キーワード:老い、痴呆性老人、介護、家族介護者

高齢者虐待防止法が今年の4月から施行になったせいだろうか、最近、介護殺人や高齢者虐待の記事をよくみかける。周囲でも、要介護高齢者、特に、認知症のお年寄りのケアで苦労する人たちが増えてきた。

高齢者の家族介護は、家族成員間や親族間、近隣関係、ときには、職場関係などにも、いろいろな関係に影響を与える。それもよい影響は少なく、やっかいな影響が多い。それはなぜなのか?

大部な本書には、手が出しづらく、しばらく「つんどく」状態であった。このたび、家族介護者のインタビュー結果を分析して書かれた「第4章 在宅で追い衰えゆく身体を生きる家族を介護するということーー「痴呆性老人」と家族介護者の相互作用――」と、「5章 老い衰え行く高齢者夫婦の親密性の変容」を読んで、理解の助けになるところが少なくなかった。

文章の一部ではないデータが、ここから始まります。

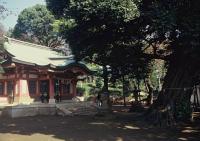 Higashimine Hachimangu Shrine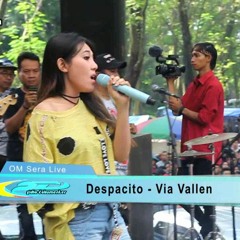 Despacito - Via Vallen (Cover) - OM Sera Live Taman Ria Maospati 27 Juni 2017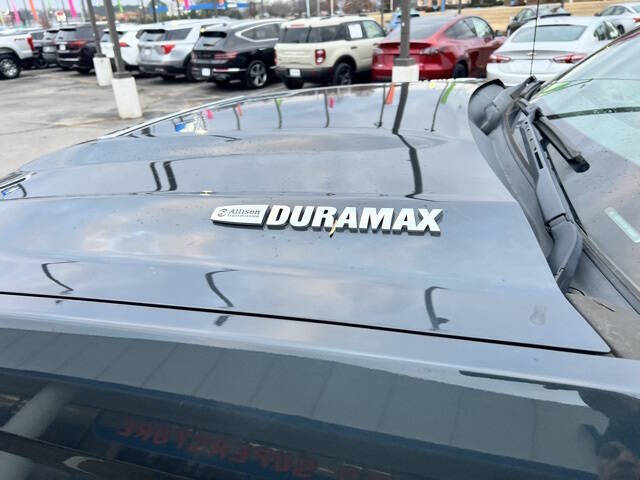 2019 Chevrolet Silverado 2500HD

本書は、「家族介護の脱自明化の時代における痴呆性老人の介護をめぐる家族介護者の意味づけ、解釈の変容過程をあきらかにしながら、相互作用のダイナミズムと家族介護者のアイデンティティ管理を、家族とジェンダーの視点から詳細に記述」した本である。

1960年代、70年代は、「日本型福祉社会論」によって、「『家』的家族観」にもとづく「嫁」の介護が当然という言説が振りまかれた。だが、その後、「愛情規範」にもとづく「娘」による介護が当然という言説が生まれ、90年代に入ると、個人主義イデオロギーが老夫婦間のケア、老老介護もやむなしとし、平等主義イデオロギーが息子による介護の現実も当然視するようになっていく。

こうした脱自明化の時代だからこそ、人々は、さまざまな言説の影響のもとで、介護のコンテキストを解釈し、自分の行為に納得できる意味づけをあたえようと努力する。その過程は、認知症高齢者や、他の家族成員、親族などによる解釈と行為とのぶつかりあいの過程である。そして、何が家族か、妻とは何か、娘とは何か、、、、を作り上げていく過程でもある。

家族介護者に直接接触するケアマネジャーさんやソーシャルワーカーさんにとって、本書の家族介護者へのインタビュー結果とその分析結果は自明のことだろうか?援助者が時間に追われてしまうと、家族介護のダイナミズムを深く理解したうえでの支援はなかなかむずかしい。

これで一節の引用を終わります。